Brief descriptive captions:
::::::::::

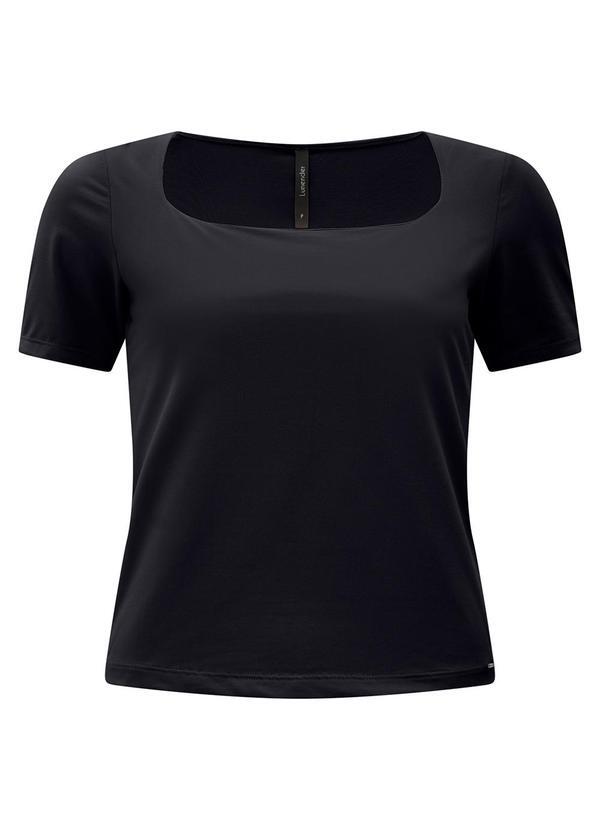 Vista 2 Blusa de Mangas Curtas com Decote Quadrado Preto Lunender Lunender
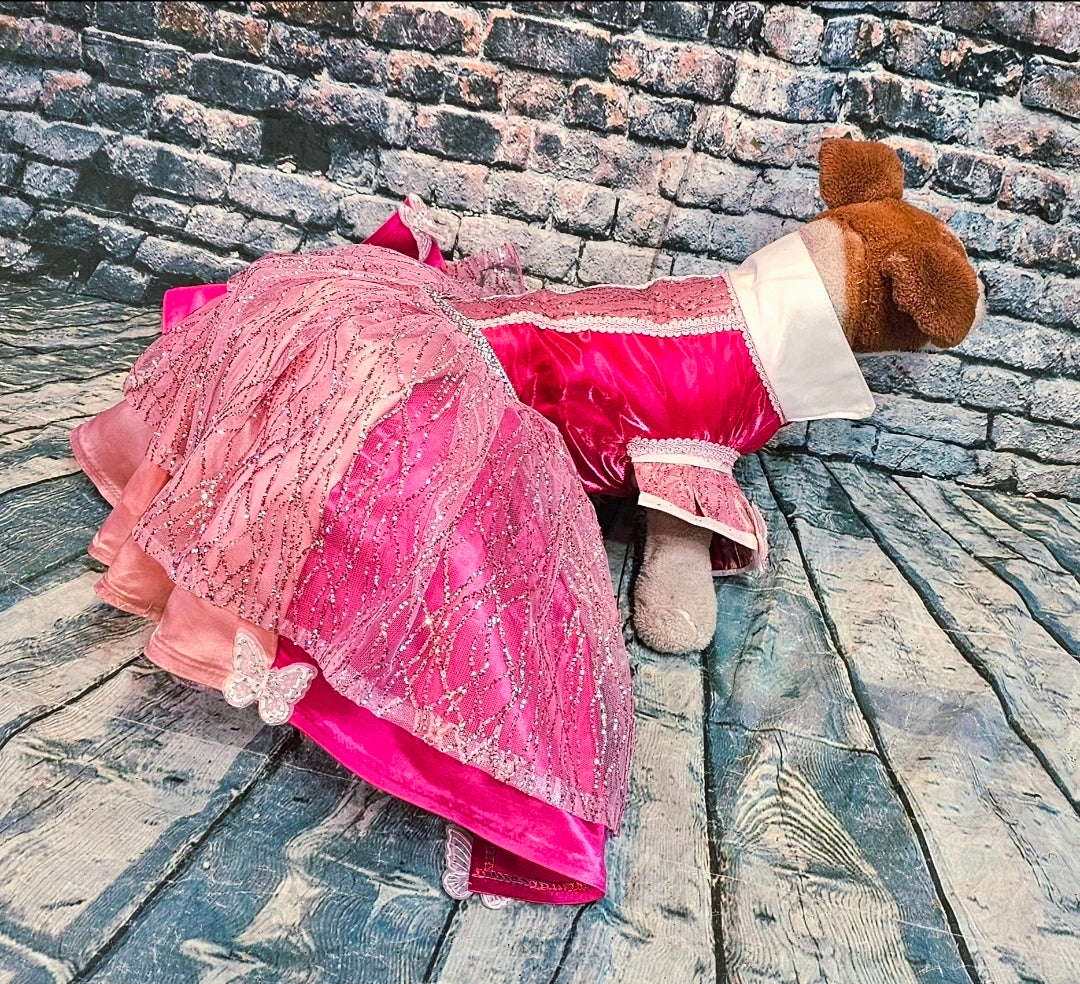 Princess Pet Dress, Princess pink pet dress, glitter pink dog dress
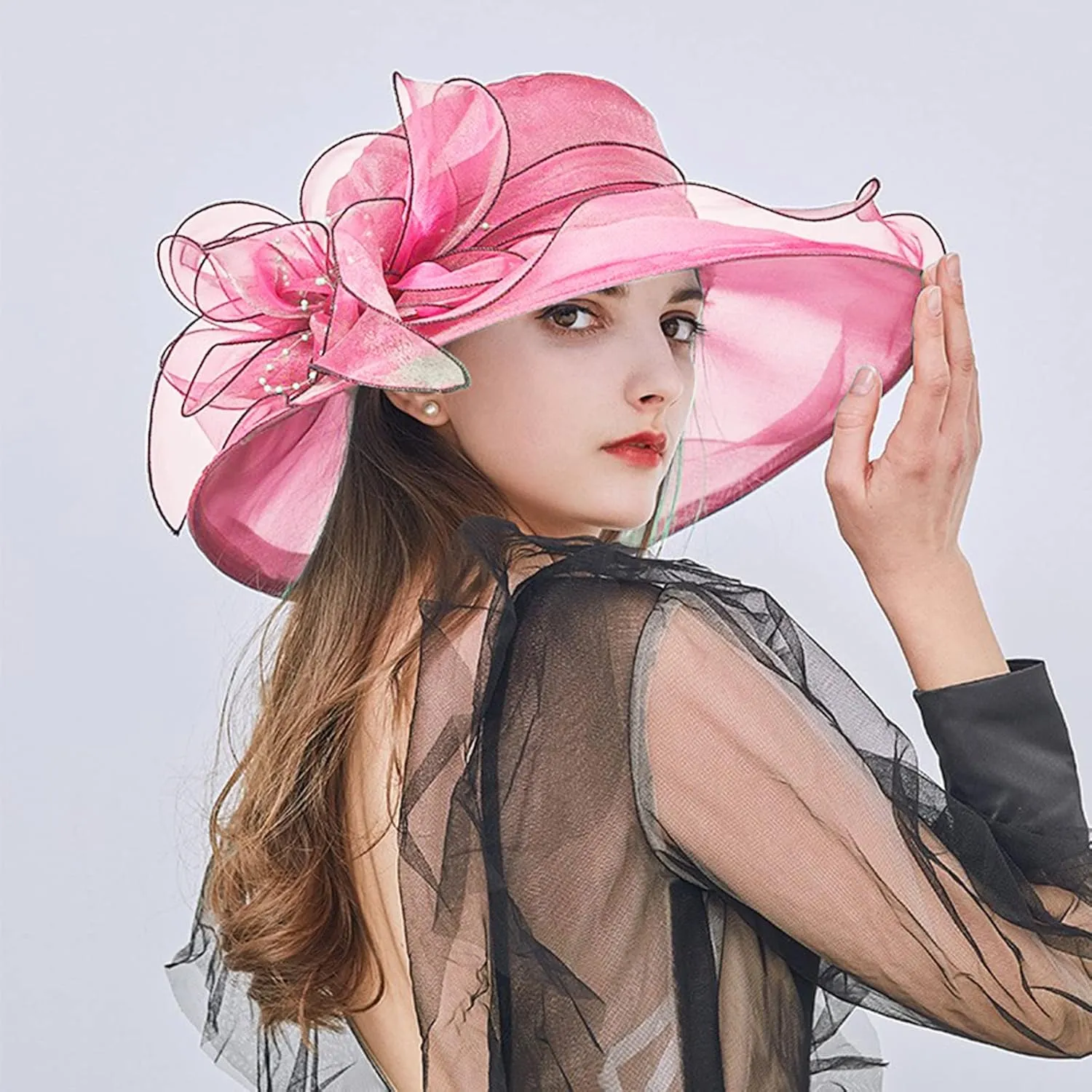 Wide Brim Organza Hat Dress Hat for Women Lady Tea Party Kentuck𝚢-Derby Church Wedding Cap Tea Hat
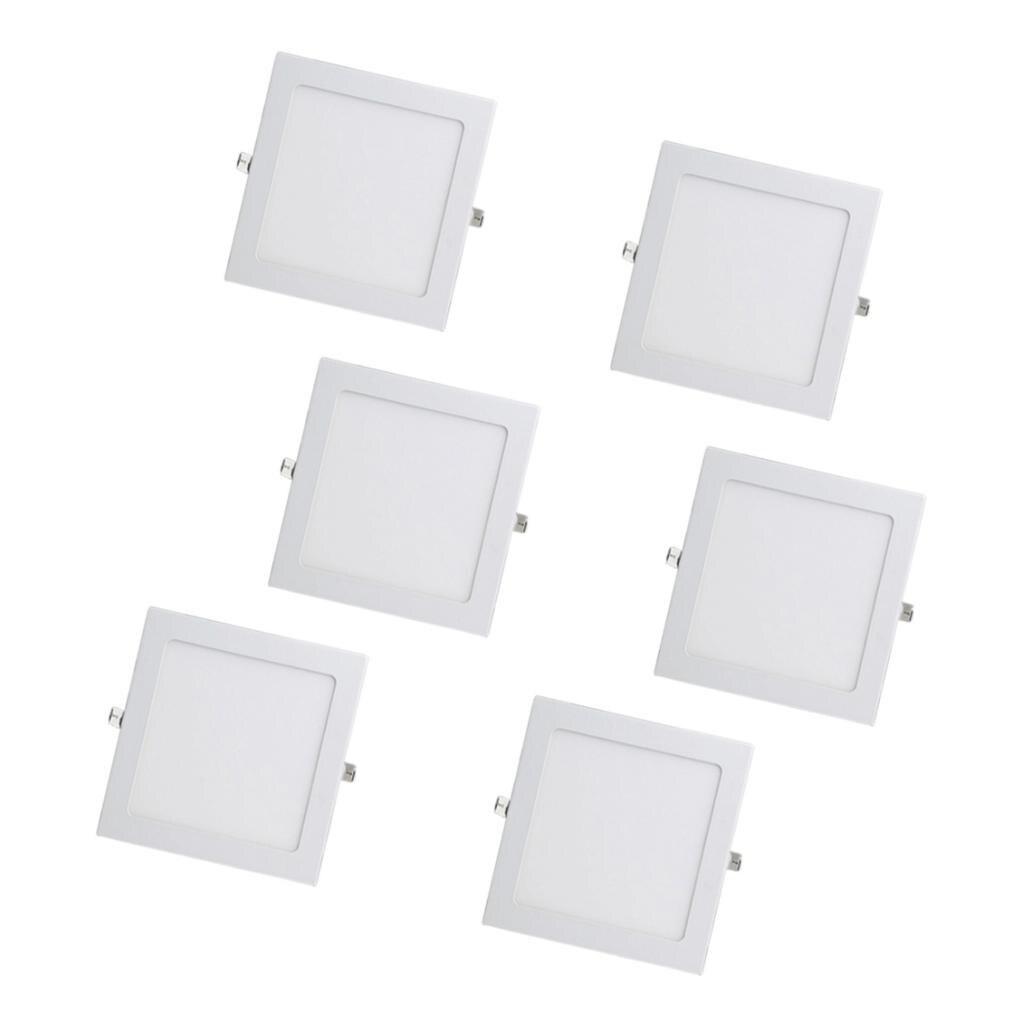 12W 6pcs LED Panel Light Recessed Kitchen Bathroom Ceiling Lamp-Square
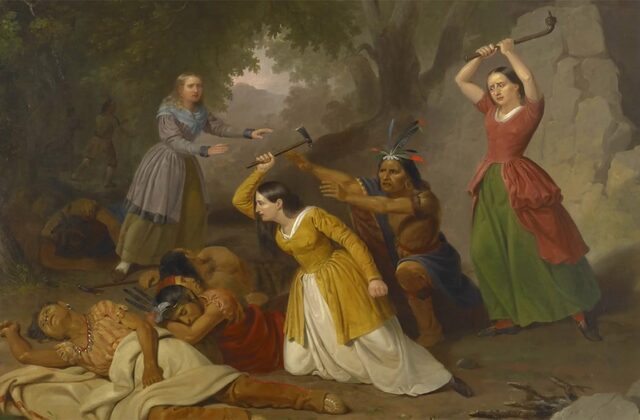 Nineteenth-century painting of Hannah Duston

::::::::::

What you will do:
Pictures stay out; reproduce every line of the records exactly.

Answer box:
 Vista 2 Blusa de Mangas Curtas com Decote Quadrado Preto Lunender Lunender
 Princess Pet Dress, Princess pink pet dress, glitter pink dog dress
 Wide Brim Organza Hat Dress Hat for Women Lady Tea Party Kentuck𝚢-Derby Church Wedding Cap Tea Hat
 12W 6pcs LED Panel Light Recessed Kitchen Bathroom Ceiling Lamp-Square
 Nineteenth-century painting of Hannah Duston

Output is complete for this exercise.